When I was writing about my pain with OSX reinstallation I had also idea to write a list of tools that I’m using and that I really like (or even love). So let’s do this !

This time I’m going to list CLI tools.

Command Line Tools installed with homebrew

“Homebrew installs the stuff you need that Apple didn’t.” In general this is package manager. I like it because I don’t have to install packages with root privileges.

autojump

I have more then 50 repositories cloned to my ~/Projects directory so using cd is a bit painfull. With autojump I can change directory even when I remember part of the path. autojump screenshot

htop

I know there is a activity monitor app but I really like htop and it looks cool with colors, options to sort or even see tree of threads. htop screenshot

icdiff

The best diff tool I know. I’m using it always before I commit something (with this simple bash script). I’m using icdiff also as my git difftool:

[difftool]
    prompt = false
[difftool "icdiff"]
    cmd = icdiff $LOCAL $REMOTE | less -R

icdiff screenshot

ncdu

If you’re like me sometimes you’re trying to figure out “why the hell all my disk space is gon”. Instead of using paid tools like daisydisk I’m using this free, open and awesome tool

ncdu screenshot

jq

Pretty print json files.

jq screenshot

pngquant

When I’m adding screenshots (like in this post) then I’m using pngquant. It can really crunch image size without much quality loss (hell, I can’t even see the quality difference)

ncdu screenshot

nano

Yup I’m one of those people that are not using vi/vim. And to install newest nano you have to add homebrew/dupes with brew tap homebrew/dupes

nano screenshot

mobile-shell

I’m using this to connect with my personal servers. I’m still using IRC and my connection at home is a bit flaky lately. Now I know that I lost connection to my server (and irssi) and the connection is reestablished right after the internet is back.

mobile-shell screenshot

tmux-cssh and/or csshx

When I want to check something on multiple servers I’m just using one of those tools. Depends if I want to have multiple windows or all in one window.

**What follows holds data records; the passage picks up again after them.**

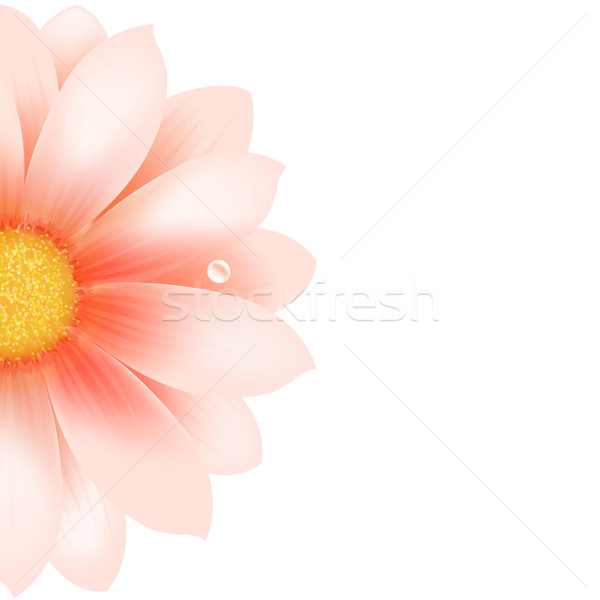 Roz floare izolat alb apă primăvară trandafir Imagine de stoc © cammep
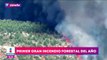 España registra su primer gran incendio forestal del año
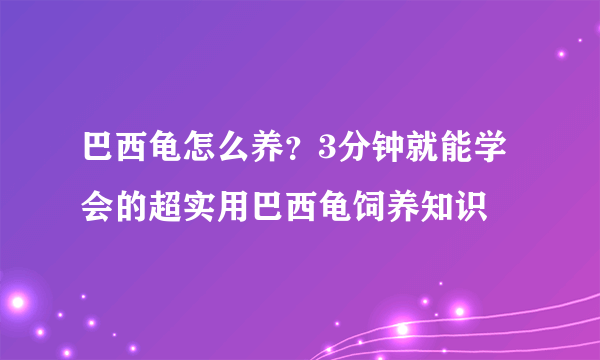 巴西龟怎么养？3分钟就能学会的超实用巴西龟饲养知识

bash with bash-completion2

Yes I’m using bash and I like it, also OSX by default is comming with 3.2 and one of first things I do is upgrade bash with brew to newest version

git with git-extras and git-number

I’m a programmer and I really like git

multitail

Tail multiple files with nice ncurses windows.

chromedriver with selenium-server-standalone

I’m using this to locally run tests from behat/behave. Or just to run my project to now how much faster sites are without ads.

Command Line Tools installed manually from pkg/dmg

vagrant

Every project I’m starting is tested and run within debian stable. To create this environment I’m using virtualbox and to automate this I’m using vagrant. It’s just easier for me to do vagrant up and have once configured OS running.

vagrant screenshot

packer

I’m using this tool to create custom boxes to use with vagrant. It’s easier to create box with already installed databases cause installing it once when creating box is much simpler and faster then installing it with

Command Line Tools installed with npm

Npm is installed with nodejs which I’m installing with homebrew.

tldr

I don’t like to search man pages all the time, this tool gives me all I need to know from man in shorter version (especially often used tldr ln)

tldr screenshot

Command Line Tools installed with pip

Pip can be installed with python or with easy_install. I’m always installing newest python version from homebrew.

HTTPie

The quote from the website is saying everything: “HTTPie (pronounced aitch-tee-tee-pie) is a command line HTTP client. Its goal is to make CLI interaction with web services as human-friendly as possible.”